Cutting back a calathea
1 | Inspect the plant’s rootball
I took the plant out of the pot to inspect the rhizome and roots and see if she needed potting into a smaller pot – particularly as she was now a much a smaller plant than she started out as.
Everything under the soil surface was white and firm, meaning they weren’t rotting or dead, and the rootball was the same size. I popped it back in the same pot, with some fresh well draining soil.
2 | Decide on your leaf sacrifices
It was pretty tough taking a pair of clippers to the remaining leaves on the plant. There were only four left, and though they mostly looked very tatty, they still had a glimmer of their former beauty.
I decided to cut all but one away, my rationale being that leaving the one best leaf would give the plant a chance to continue photosynthesising.

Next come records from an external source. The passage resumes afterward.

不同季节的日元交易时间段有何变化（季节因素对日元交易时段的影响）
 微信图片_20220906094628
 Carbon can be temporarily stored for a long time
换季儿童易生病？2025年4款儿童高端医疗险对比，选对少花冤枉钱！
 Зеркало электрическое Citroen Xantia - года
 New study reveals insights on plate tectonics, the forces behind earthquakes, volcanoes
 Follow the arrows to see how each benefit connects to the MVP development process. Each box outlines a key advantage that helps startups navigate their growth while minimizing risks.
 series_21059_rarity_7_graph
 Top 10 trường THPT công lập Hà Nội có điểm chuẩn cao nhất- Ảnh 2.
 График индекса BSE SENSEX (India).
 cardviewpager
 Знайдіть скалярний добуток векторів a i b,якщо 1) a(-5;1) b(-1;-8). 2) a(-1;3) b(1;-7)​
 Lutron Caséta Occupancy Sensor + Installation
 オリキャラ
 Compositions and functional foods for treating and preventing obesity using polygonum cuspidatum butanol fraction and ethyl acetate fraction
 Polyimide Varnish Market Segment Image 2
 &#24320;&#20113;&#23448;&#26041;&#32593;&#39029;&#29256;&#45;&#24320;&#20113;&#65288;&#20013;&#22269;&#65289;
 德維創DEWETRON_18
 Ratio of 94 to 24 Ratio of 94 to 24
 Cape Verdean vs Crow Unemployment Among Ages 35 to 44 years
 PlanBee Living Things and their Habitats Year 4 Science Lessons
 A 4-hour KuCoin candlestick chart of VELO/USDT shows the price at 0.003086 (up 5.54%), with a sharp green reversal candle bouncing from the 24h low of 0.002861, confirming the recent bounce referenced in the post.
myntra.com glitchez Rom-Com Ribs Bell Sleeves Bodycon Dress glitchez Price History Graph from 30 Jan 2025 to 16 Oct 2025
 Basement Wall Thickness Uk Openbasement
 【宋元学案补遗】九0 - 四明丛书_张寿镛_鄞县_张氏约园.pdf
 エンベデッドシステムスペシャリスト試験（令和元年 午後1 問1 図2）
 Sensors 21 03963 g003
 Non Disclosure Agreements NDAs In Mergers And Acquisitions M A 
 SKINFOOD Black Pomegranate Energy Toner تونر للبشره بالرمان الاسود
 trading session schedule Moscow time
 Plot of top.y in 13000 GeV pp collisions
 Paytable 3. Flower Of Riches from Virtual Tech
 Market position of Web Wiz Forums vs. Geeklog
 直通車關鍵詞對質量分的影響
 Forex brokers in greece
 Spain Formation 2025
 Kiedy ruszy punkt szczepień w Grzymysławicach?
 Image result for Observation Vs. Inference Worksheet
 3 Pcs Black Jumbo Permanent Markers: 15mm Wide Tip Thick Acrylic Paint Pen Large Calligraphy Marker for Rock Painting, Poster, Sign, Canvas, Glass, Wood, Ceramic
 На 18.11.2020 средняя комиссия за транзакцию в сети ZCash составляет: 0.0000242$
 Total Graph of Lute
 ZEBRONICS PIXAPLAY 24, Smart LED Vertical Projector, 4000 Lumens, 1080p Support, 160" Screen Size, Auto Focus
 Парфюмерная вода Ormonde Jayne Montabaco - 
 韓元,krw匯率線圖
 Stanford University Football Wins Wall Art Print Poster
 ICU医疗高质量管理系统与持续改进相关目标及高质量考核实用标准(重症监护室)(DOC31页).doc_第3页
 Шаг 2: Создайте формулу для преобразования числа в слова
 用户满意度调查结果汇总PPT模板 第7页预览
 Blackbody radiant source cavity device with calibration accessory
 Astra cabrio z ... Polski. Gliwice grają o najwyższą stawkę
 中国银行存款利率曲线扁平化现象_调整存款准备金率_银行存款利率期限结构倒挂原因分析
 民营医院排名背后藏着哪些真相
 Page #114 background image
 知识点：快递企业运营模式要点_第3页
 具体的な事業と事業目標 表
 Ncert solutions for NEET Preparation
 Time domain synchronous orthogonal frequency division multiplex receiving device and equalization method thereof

The leaf stems were cut back close to the soil level, and I generally tidied up any dead stalks.
3 | Treat again for spider mites
Just to be sure, I treated her again for spider mites – this time with only one leave and a stump, there were a lot fewer places for them to hide!
4 | Into a bag
I popped the whole pot into a large plastic bag, which was half closed, half open, effectively creating a mini greenhouse. And it went to live in our lean-to over the summer months, which gets lots of indirect light and quite warm.
After a month and a half, I started to see new growth appearing from the soil. Once it started to get chilly outside, I brought it back inside the house.
5 | Adjusting to life outside the bag
Once indoors, I gradually opened then completely removed the bag to give the plant time to adjust to its new conditions
A new lease of life
It now has four fresh perfect leaves, and seems happier than it’s ever been.
I’m definitely remaining vigilant for remaining or returning spider mites, just in case. And I plan on giving it as much moist air as possible using our humidifier – which calatheas prefer anyway, but conveniently spider mites also hate.
It can be tempting to chuck a plant that seems lost to pests on the compost heap, but sometimes it’s possible to revive what looks like a lost cause!